**Exercise instructions**
From the line with "Obraz na płótnie" through the line with "banana with sparkles on black background", inclusive, return each line of the data below exactly and leave the rest out.

**Data listing**
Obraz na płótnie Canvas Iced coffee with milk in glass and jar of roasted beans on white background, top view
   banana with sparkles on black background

...

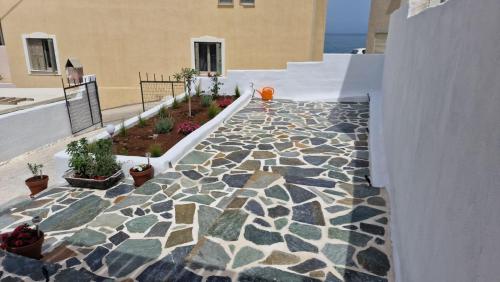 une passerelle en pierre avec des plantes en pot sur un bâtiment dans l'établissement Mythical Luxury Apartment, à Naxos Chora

**Task solution**
Obraz na płótnie Canvas Iced coffee with milk in glass and jar of roasted beans on white background, top view
   banana with sparkles on black background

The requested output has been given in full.